SOA-C02Chapter 38 of 104Objective 3.2

SSM Automation Runbooks

This chapter covers AWS Systems Manager Automation Runbooks, a powerful feature for automating operational tasks on AWS resources. You will learn how to create, execute, and manage runbooks to perform common SysOps tasks such as patching, AMI creation, and incident remediation. This topic appears in approximately 5-8% of SOA-C02 exam questions, primarily in the Deployment, Provisioning, and Automation domain (Objective 3.2). Mastering Automation Runbooks is essential for demonstrating your ability to implement repeatable, auditable, and safe automation at scale.

25 min read
Intermediate
Updated May 31, 2026

SSM Automation as a Hotel Maintenance Robot

Imagine a hotel with 1,000 rooms, each containing servers that need periodic maintenance. The hotel has a maintenance robot that can be programmed with runbooks — step-by-step instructions like 'Check server temperature, if > 80°C, throttle CPU; then update firmware; then reboot.' The robot can execute these runbooks on any room's server, but it needs a small agent installed in each room to receive commands and report back. The hotel manager (SysOps) can run a runbook on a single room, a floor (using tags), or the entire building. The robot also has safety features: it can pause (via an approval step) before a risky action like a reboot, and it can roll back changes if something goes wrong. The robot's actions are logged in a central journal (CloudTrail). If the robot encounters an error, it can stop the entire runbook or skip that step and continue. This is exactly how AWS Systems Manager Automation works: a service that runs predefined or custom runbooks (Python or YAML documents) on EC2 instances or other AWS resources, using the SSM Agent to execute steps, with support for approval, error handling, and integration with other AWS services.

How It Actually Works

What is SSM Automation?

AWS Systems Manager Automation is a service that enables you to safely automate common and repetitive IT operations and management tasks. An Automation Runbook is a document that defines the actions that Systems Manager performs on your AWS resources. Runbooks can be either predefined by AWS (owned by Amazon) or custom-written by you. They are written in YAML or JSON and consist of a series of steps, each of which can invoke an AWS API action (like aws:executeAwsApi), run a script on an instance (aws:runCommand), or perform conditional logic (aws:branch).

Why Automation Runbooks Exist

Before Automation, SysOps engineers had to manually perform repetitive tasks like patching instances, creating AMIs, or responding to CloudWatch alarms. This was error-prone, time-consuming, and difficult to audit. Automation Runbooks solve this by providing a declarative, version-controlled, and auditable way to define and execute operational procedures. They integrate with IAM for fine-grained permissions, CloudTrail for logging, and CloudWatch Events (now Amazon EventBridge) for triggering based on events.

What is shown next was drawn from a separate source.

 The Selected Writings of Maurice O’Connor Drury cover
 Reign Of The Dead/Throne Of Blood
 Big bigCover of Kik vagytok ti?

How Automation Works Internally

When you start an Automation execution, the Systems Manager service reads the runbook document and begins executing steps sequentially. Each step has an action that maps to an AWS API call or a Systems Manager command. The service uses the IAM role associated with the execution (the Automation Assume Role) to perform actions on your behalf. For steps that target EC2 instances, the SSM Agent on the instance executes the command and returns the output. The Automation service tracks the status of each step (Success, Failed, TimedOut, Cancelled) and can branch based on conditions. If a step fails, the runbook can be configured to stop, continue, or roll back to a previous step via the onFailure property.

Key Components and Defaults

Runbook Document: A YAML or JSON file with a schemaVersion (currently 0.3), description, mainSteps array, and optional parameters. Each step has: name, action, inputs, maxAttempts (default 1), timeoutSeconds (default varies by action, e.g., 3600 for aws:runCommand), and onFailure (default Abort).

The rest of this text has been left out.